:: Input ::
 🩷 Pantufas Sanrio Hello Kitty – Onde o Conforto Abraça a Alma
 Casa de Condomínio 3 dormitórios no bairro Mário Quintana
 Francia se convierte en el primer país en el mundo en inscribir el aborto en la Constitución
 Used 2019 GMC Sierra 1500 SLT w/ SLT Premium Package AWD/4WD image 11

==

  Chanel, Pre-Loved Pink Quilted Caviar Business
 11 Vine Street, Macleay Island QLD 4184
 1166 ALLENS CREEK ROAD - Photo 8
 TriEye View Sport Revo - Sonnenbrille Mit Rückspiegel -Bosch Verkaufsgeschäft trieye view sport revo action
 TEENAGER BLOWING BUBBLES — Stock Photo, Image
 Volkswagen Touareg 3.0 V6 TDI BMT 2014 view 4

:: What this task involves ::
Give again exactly, and only, the lines above starting at the one with "11 Vine Street, Macleay Island QLD 4184" and ending at the one with "Volkswagen Touareg 3.0".

:: Response ::
 11 Vine Street, Macleay Island QLD 4184
 1166 ALLENS CREEK ROAD - Photo 8
 TriEye View Sport Revo - Sonnenbrille Mit Rückspiegel -Bosch Verkaufsgeschäft trieye view sport revo action
 TEENAGER BLOWING BUBBLES — Stock Photo, Image
 Volkswagen Touareg 3.0 V6 TDI BMT 2014 view 4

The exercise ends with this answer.